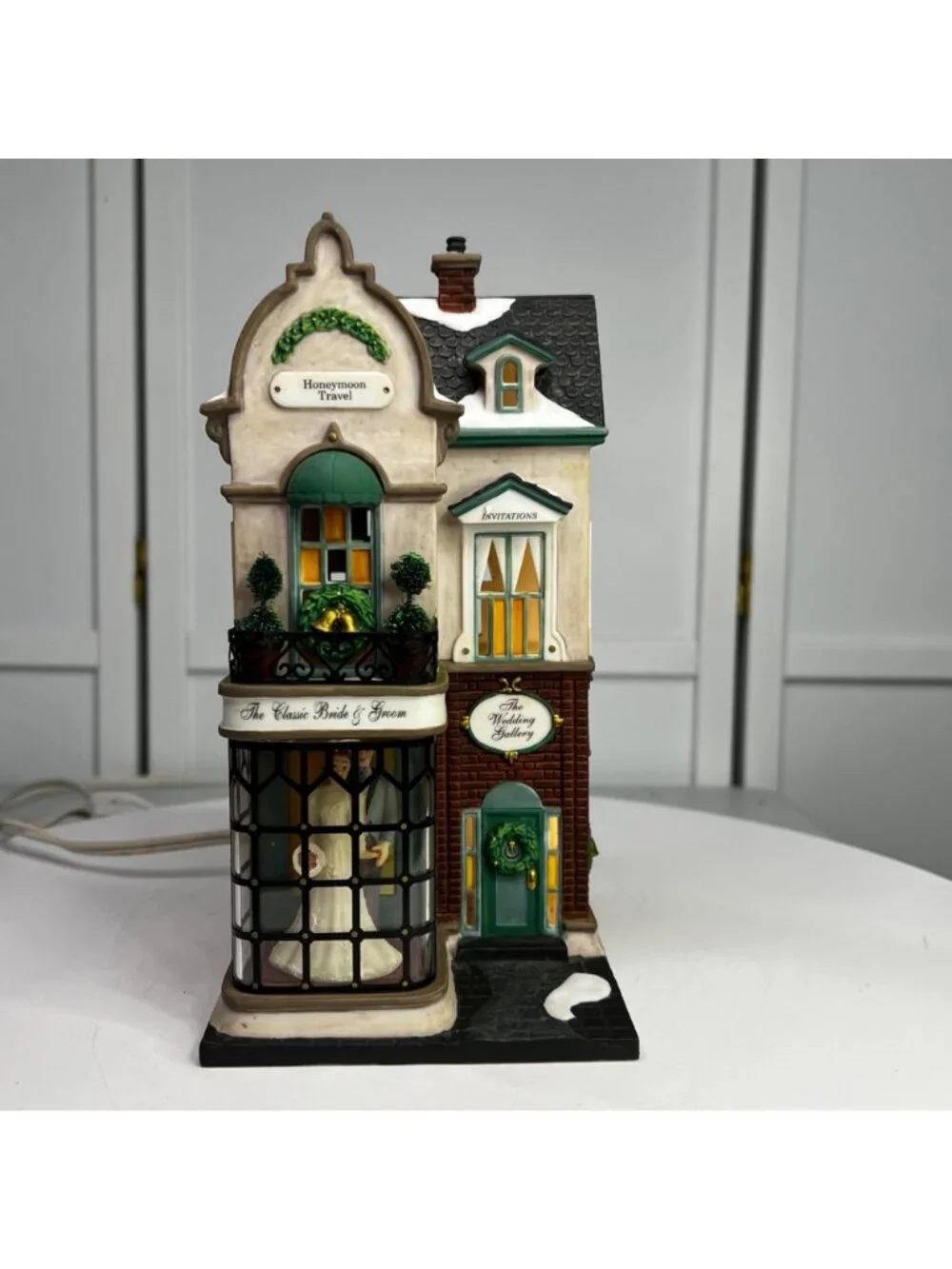 Dept 56 The Wedding Gallery, Christmas in the City Lighted Building - 1998
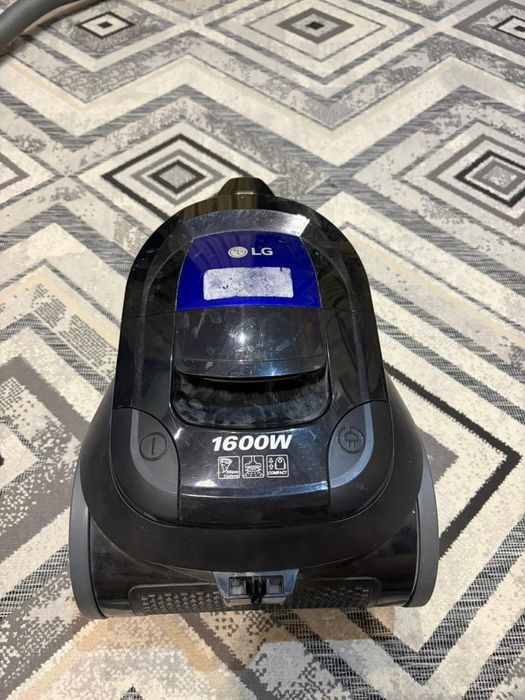 Продаю пылесос LG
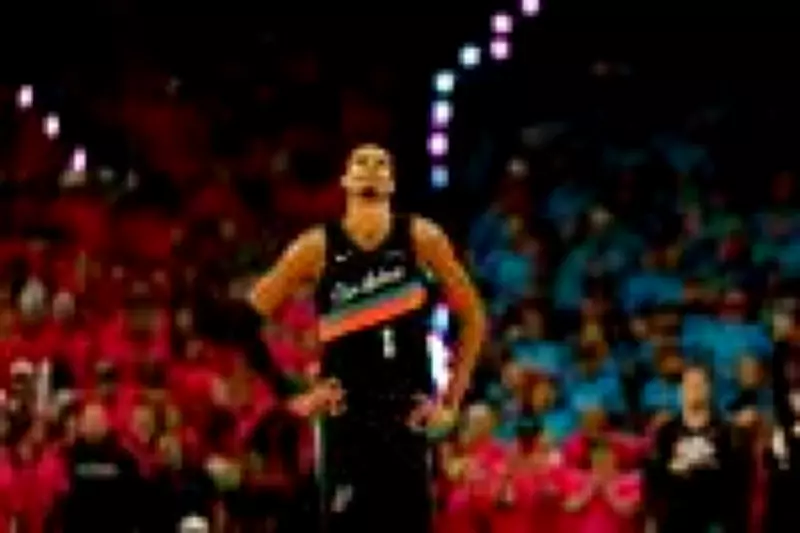 Victor Wembanyama faz história na NBA com prêmio de Melhor Defensor unânime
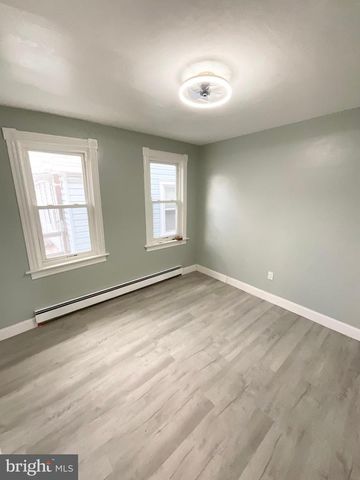 215 W MARKET ST, Williamstown, PA 17098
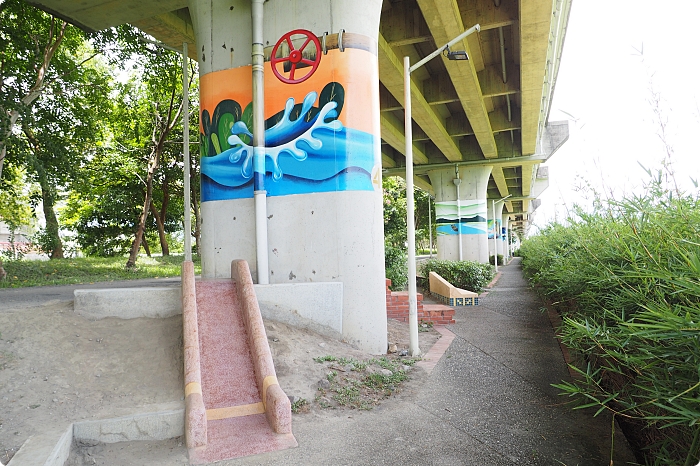 宜蘭》雙園自行車道。新打卡亮點！藏在橋下的彩繪藝術，還能與火車同行散步綠空廊道！ @捲捲頭 ♡ 品味生活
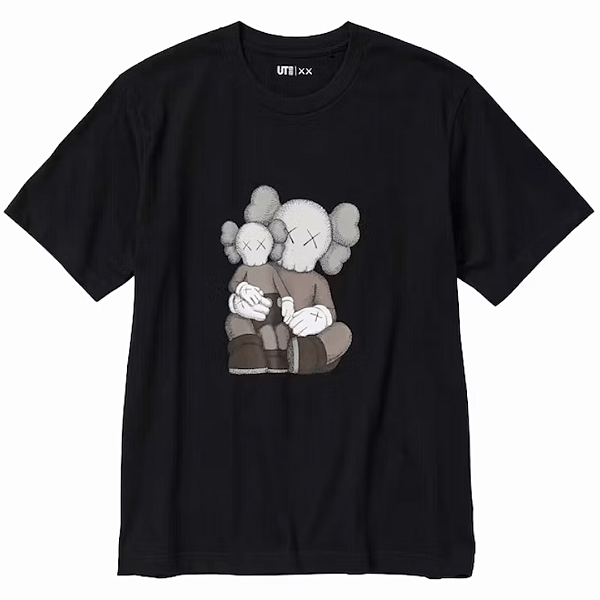 KAWS x UNIQLO - Camiseta Graphic "Preto" -NOVO-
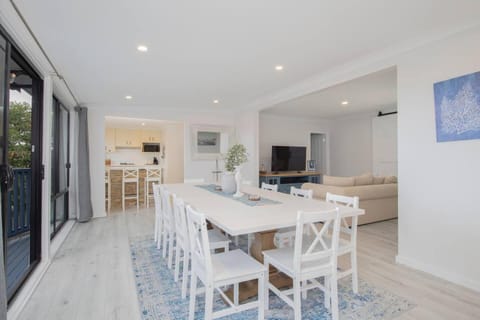 Dining area, pet friendly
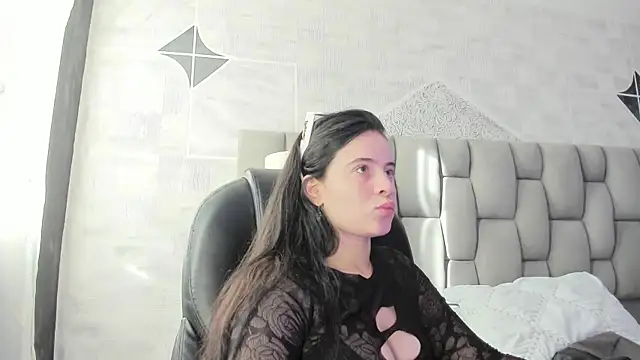 Snapshot of ChannelWhite_ chatting on 09-25-25, 09:32 ChannelWhite online show from 09-25-25, 09:32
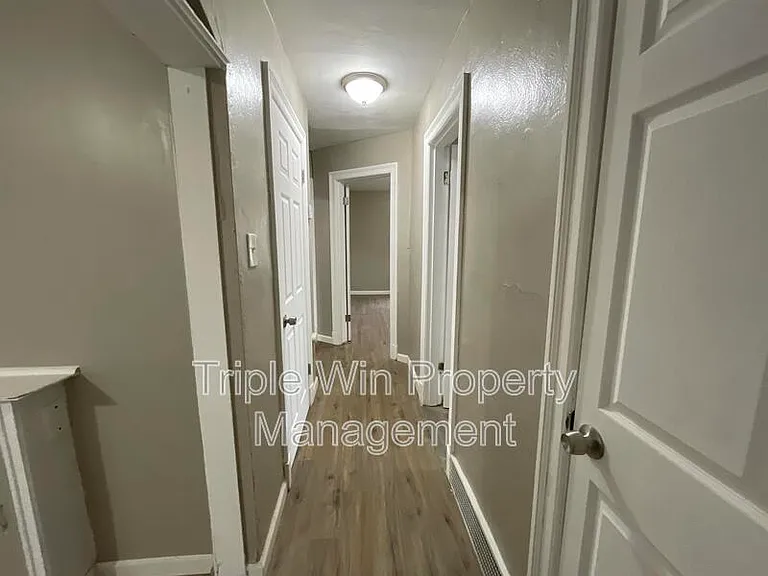 802 Rowles Ave — Photo 15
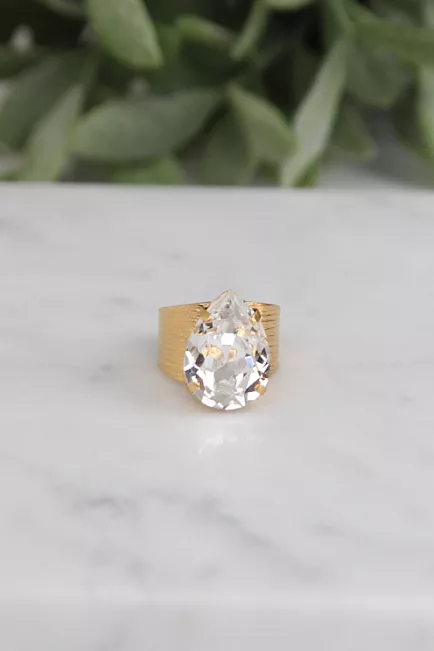 Caroline svedbom classic drop ring crystal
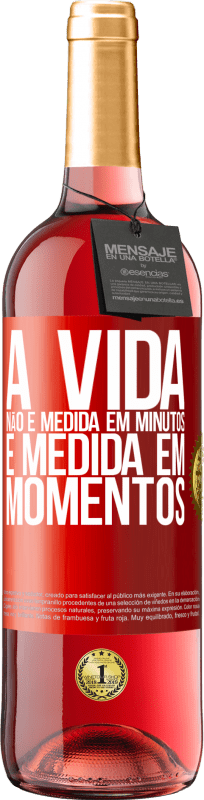 29,95 € Envio grátis | Vinho rosé Edição ROSÉ A vida não é medida em minutos, é medida em momentos Etiqueta Vermelha. Etiqueta personalizável Vinho jovem Colheita 2025 Tempranillo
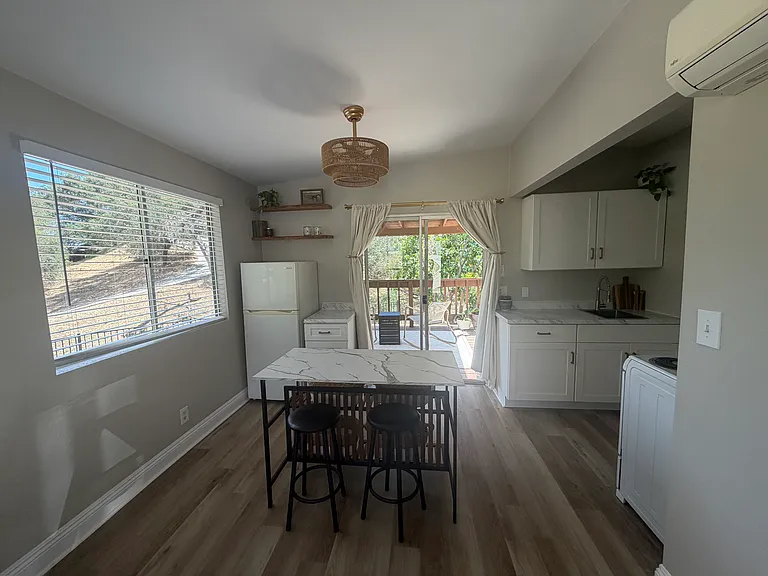901 S Live Oak Park Rd — Photo 3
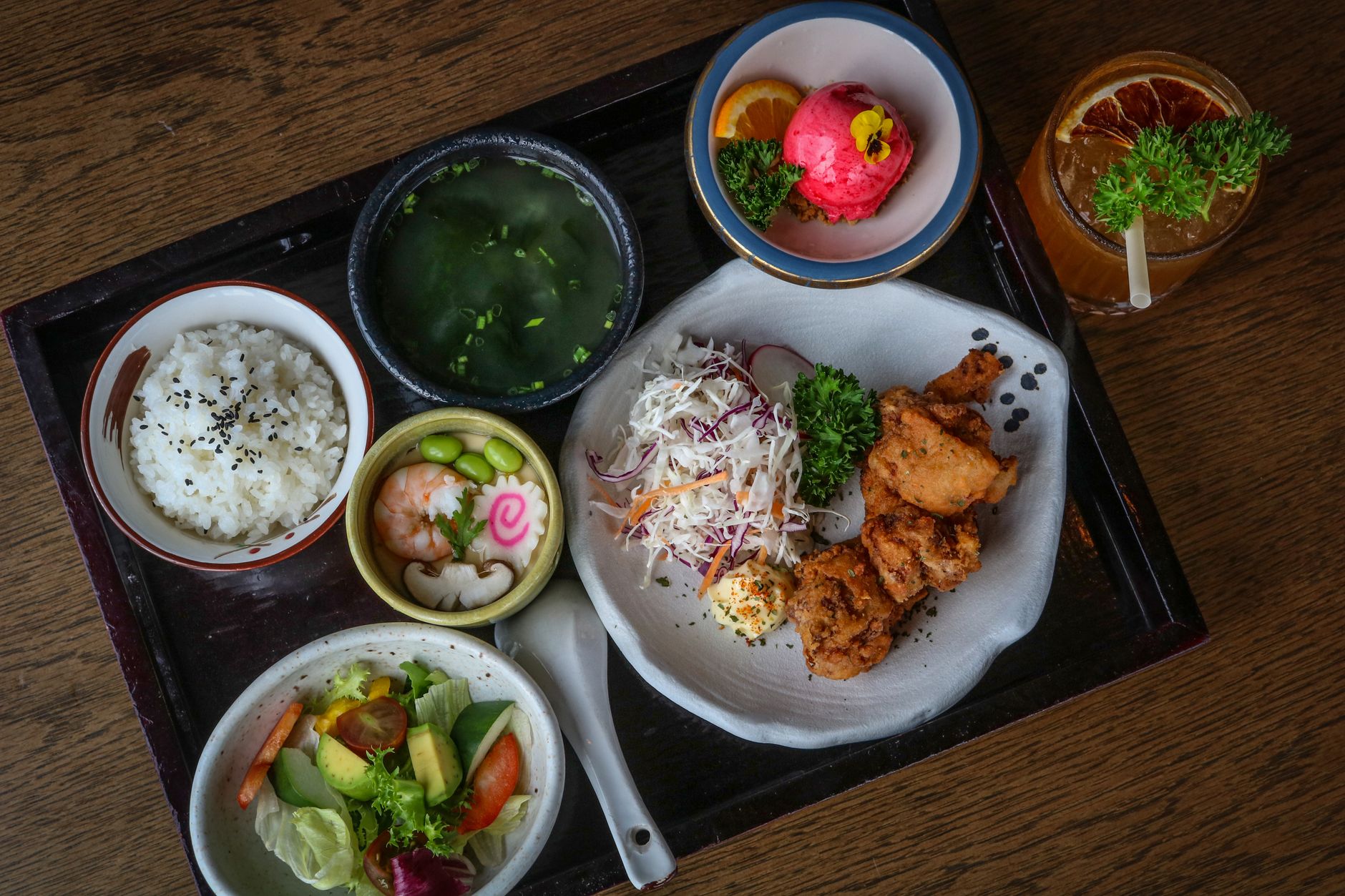 Menu gyu kaku ala carte dengan potongan daging sapi segar, sayuran segar, dan saus pedas khas Korea.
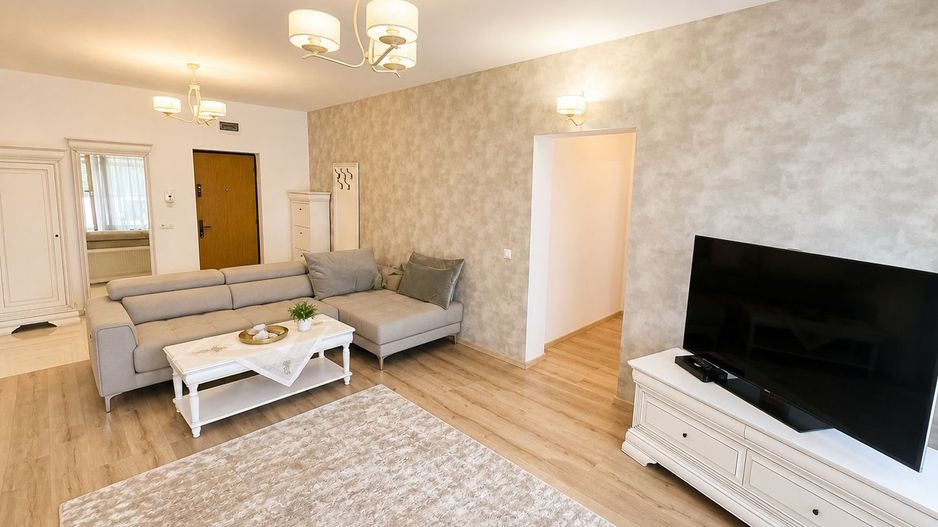 Apartament 3 camere | Traian Mosoiu | Garaj individual - Poză 1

+===+

▶ _Exercise directions_: Apart from the pictures, restate all of the listing above exactly.

▶ _Exercise output_:
 Dept 56 The Wedding Gallery, Christmas in the City Lighted Building - 1998
 Продаю пылесос LG
 Victor Wembanyama faz história na NBA com prêmio de Melhor Defensor unânime
 215 W MARKET ST, Williamstown, PA 17098
 宜蘭》雙園自行車道。新打卡亮點！藏在橋下的彩繪藝術，還能與火車同行散步綠空廊道！ @捲捲頭 ♡ 品味生活
 KAWS x UNIQLO - Camiseta Graphic "Preto" -NOVO-
 Dining area, pet friendly
 Snapshot of ChannelWhite_ chatting on 09-25-25, 09:32 ChannelWhite online show from 09-25-25, 09:32
 802 Rowles Ave — Photo 15
 Caroline svedbom classic drop ring crystal
 29,95 € Envio grátis | Vinho rosé Edição ROSÉ A vida não é medida em minutos, é medida em momentos Etiqueta Vermelha. Etiqueta personalizável Vinho jovem Colheita 2025 Tempranillo
901 S Live Oak Park Rd — Photo 3
 Menu gyu kaku ala carte dengan potongan daging sapi segar, sayuran segar, dan saus pedas khas Korea.
 Apartament 3 camere | Traian Mosoiu | Garaj individual - Poză 1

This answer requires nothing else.